It's a sure sign that time is moving. I was talking with a friend about this the other day as we were walking. Time and space are always changing and moving and you're never in the same place ever. When you're staring off into the distance looking at something far away, you're not actually seeing what is there. You're seeing what was there. It takes time for stuff to reach your eyes. Things have already changed and become something else by the time you actually see them. It's a fairly strange concept.
I feel like that's how I see things in my life. I look at things far away because I keep things far away from me. And by the time something reaches my eyes, it's already changed. It's already different. Maybe it was one thing at one point in time that I was seeing, and now... it's not. I don't know. I need to stop thinking about this for awhile.
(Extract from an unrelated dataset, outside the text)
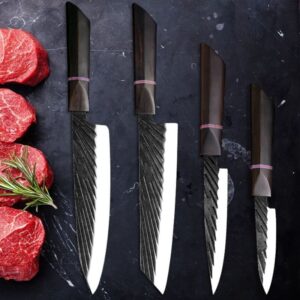 440C steel scallop pattern ebony handle knife set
Sometimes thoughts are just too big. Too much for my little mind and my little heart.
I started a new big project. :) It's a beautiful, or rather will be a beautiful afghan for my Mom. The colors are amazing and it's very creatively done. It's crocheted in a combination of smaller pieces sewn together, crocheted on and then more small pieces added. I'm enjoying the change of pace. Beading is just not holding my attention right now. Neither is knitting. I would like to do a few more small projects though just so I can feel like I'm accomplishing something. It makes things more manageable and feel more possible.
I'm sometimes overwhelmed by everything that I would like to do in my life. All the books I want to read and all the projects I'd like to do. All of the places that I would like to visit. Everyone that I want to see and spend time with. For today though, it's enough to crochet and spend time with my Mom.